For God, the present, the state of our souls in relation to him in the present, is all that exists.


#18

Also, I heard it said somewhere that people are able to miss their vocation in life, and if they do miss it, they will never live up to the potential that they were created for. I'm very scared that this means that I messed up by getting married and that now I'm only operating at like 70% or something, that's how it makes me feel.

You should see your role as a spouse /mother as your new vocation ,God is not disappointed in you because of the choices you made . So OK you think you've missed you real calling by becoming a nun or joining any holy order .
But marriages is equally important in the church ,it one of our 7 sacraments .
However you can still fulfill you desire to serve our God with all you have ..look at all the saints who were mother and wives they did it so can you .
look in who company you sit .
Our Lady (our blessed mother Mary)
St. Monica (mother of St. Augustine )
St Elizabeth, wife of Zachary and mother of John the Baptist
St Anne (mother to our blessed mother Mary)

All these women like you were married ,but yet still lived the lives of holy women devoted to our Lord God .

All you have to do is accept your new role in the pool vocation we have .:thumbsup:


#19

A vocation is only ever an invitation from God - not a Divine Command. Hence, if for whatever reason one does not take up God's Invitation, nothing is lost. For loss spiritually can only ever come about through sin.
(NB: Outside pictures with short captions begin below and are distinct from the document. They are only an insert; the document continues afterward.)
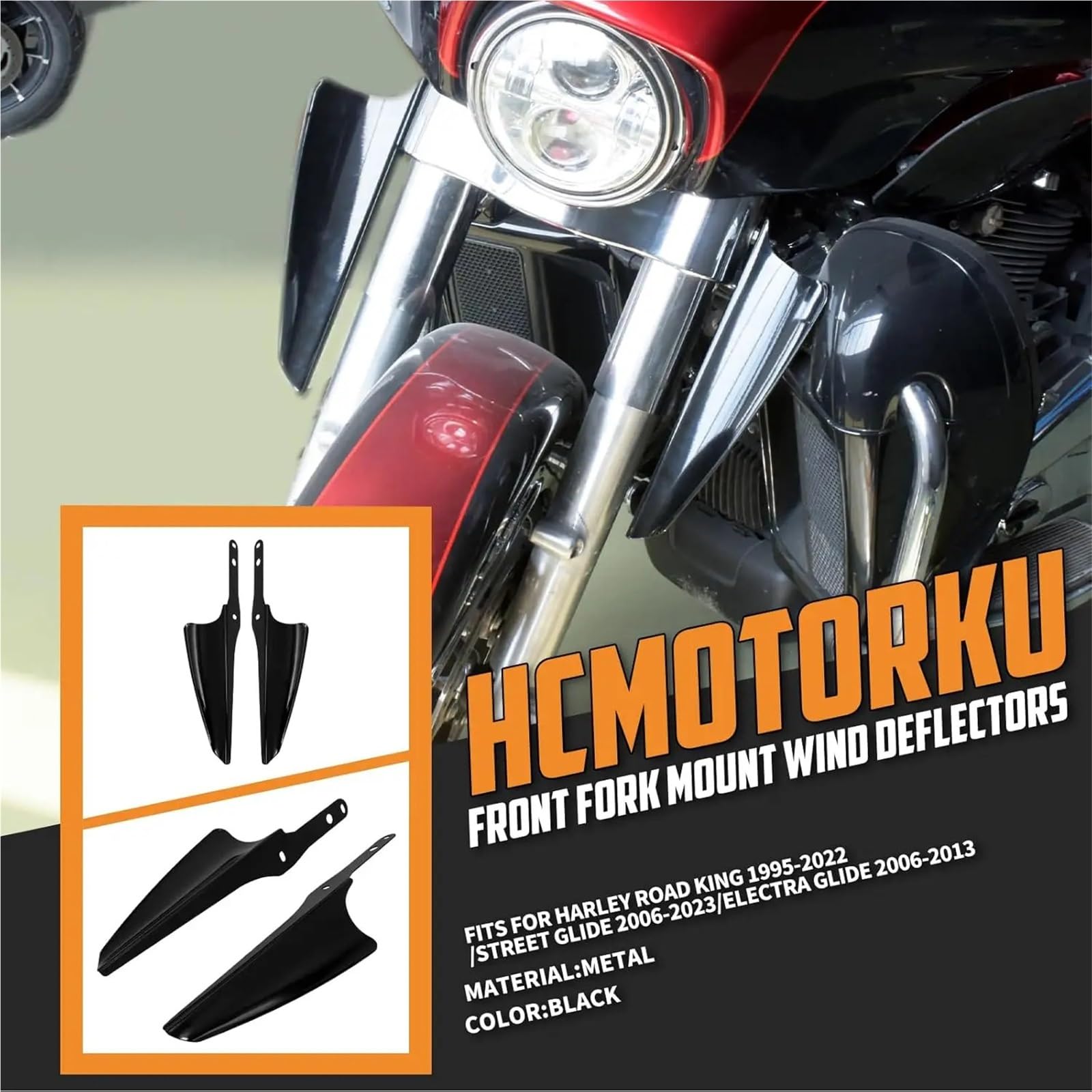 powietrzadeflektor Czarne osłony przeciwwiatrowe mocowane do przedniego widelca, pasujące do Harley Touring Road King Street Glide Electra 1995-2023 Deflektor motocykla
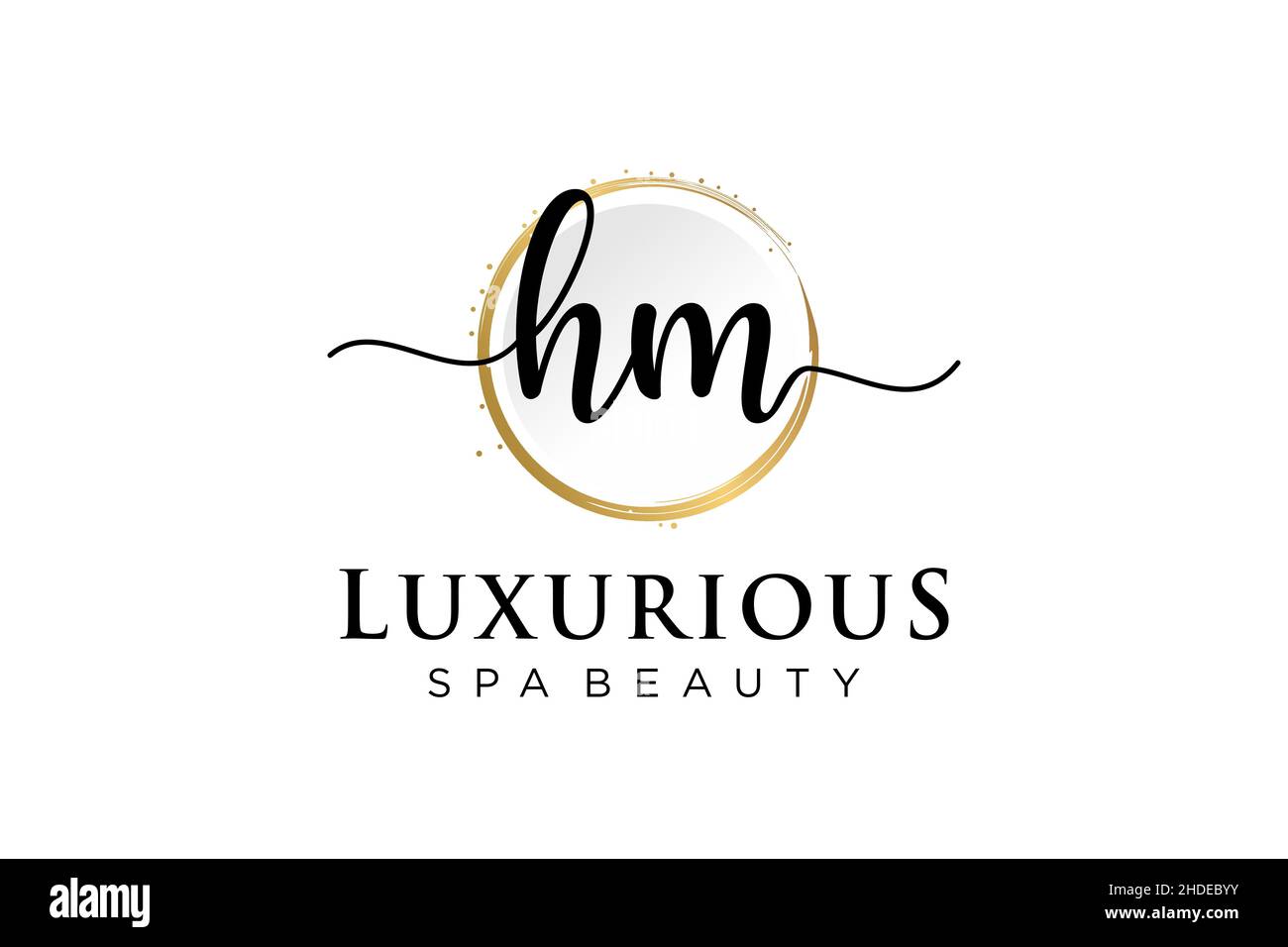 Logo HM femminile iniziale. Utilizzabile per Logo per moda, fotografia, matrimonio, bellezza, affari. Modello di disegno del logo del vettore piatto . Illustrazione Vettoriale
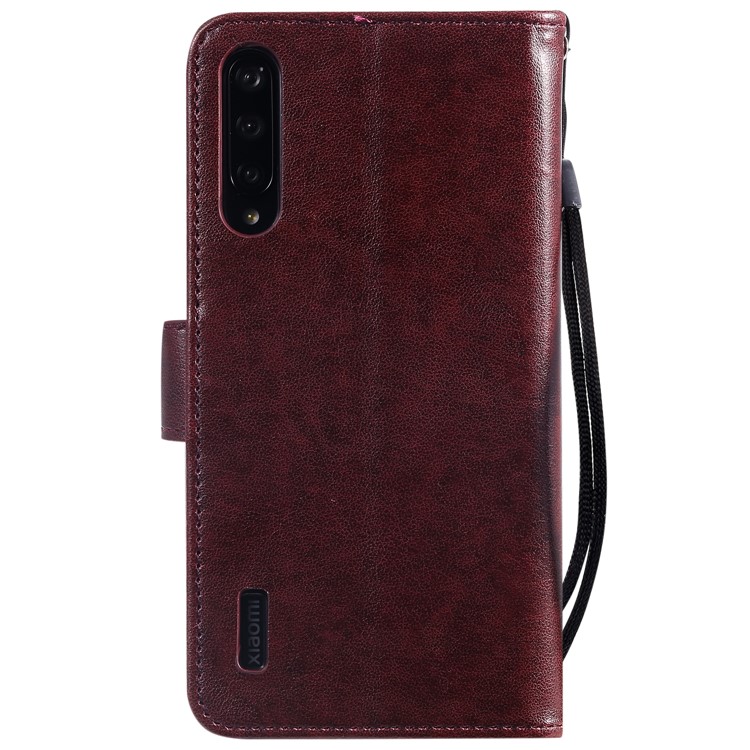 Imprint Sakura Cat Leather Stand Case with Card Slots for Xiaomi Mi CC9e / Mi A3 - Coffee-2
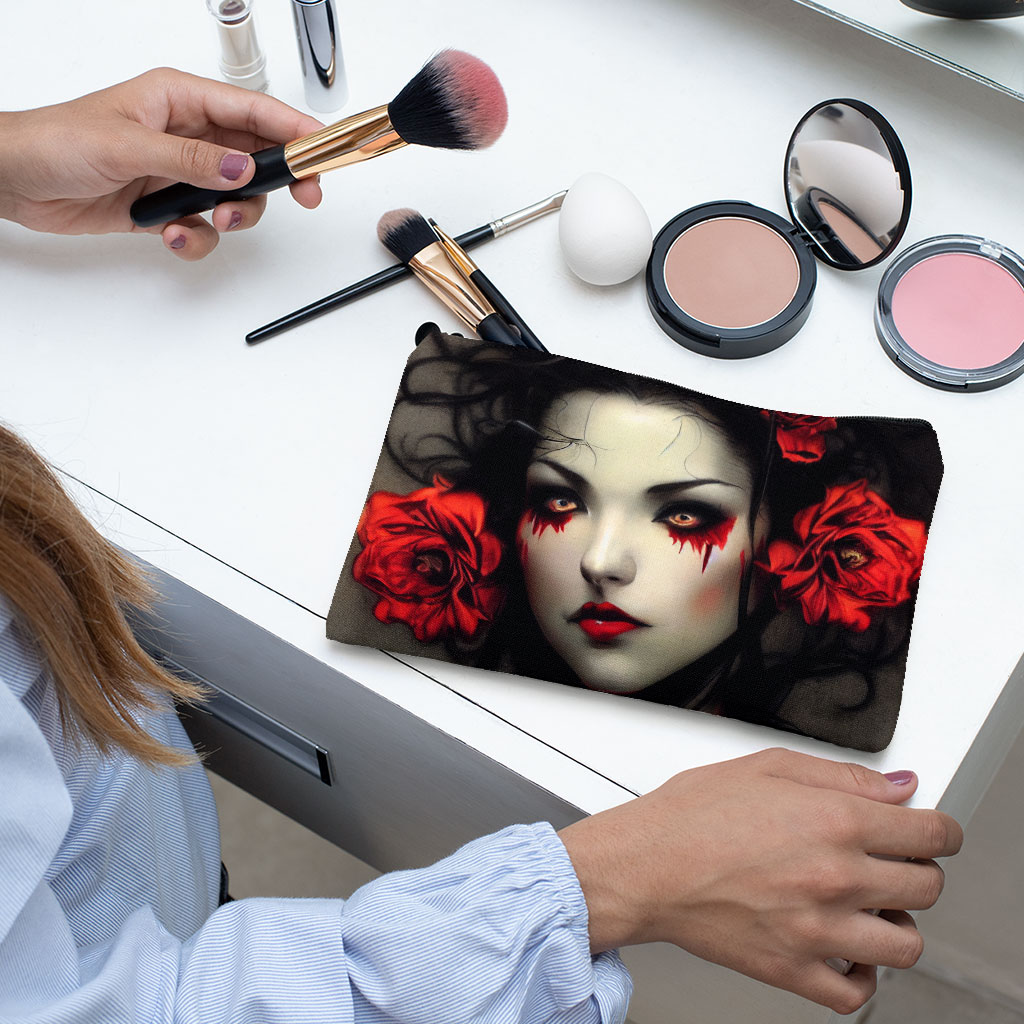 Gothic Red Rose Makeup Bag - Woman Face Cosmetic Bag - Illustration Makeup Pouch Bags & Wallets Fashion Makeup Pouch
God loves eveyr last one of us and no matter our spiritual status and loves each one of us to absolute distraction and loves all equally, be they the greatest saint or the greatest sinner. What is different is the love returned by the saint and the sinner - and the more we love The Lord, the more He is able to accomplish in us and through us, the more Present He can be to us.

Hence whoever has said that if one does not take up God's Invitation will never fulfill their true/full potential is absolutely theologically inaccurate in that statement and in a quite major way. Our true and full potential is holiness and I underscore what Stella101 has said in repy:thumbsup: Fulfillment on the strictly human level is only a very pale shadow and quite distant reflection of that fulfillment spiritually that is holiness. In other words, human fulfillment is not true and full fulfillment at all.


#20

Go to Adoration :slight_smile: God will give you the grace to get through this.
From the sounds of it, it seems like God has been calling you to marriage afterall because you are at peace. Don’t let your mind wander about what should have been, but think about what is.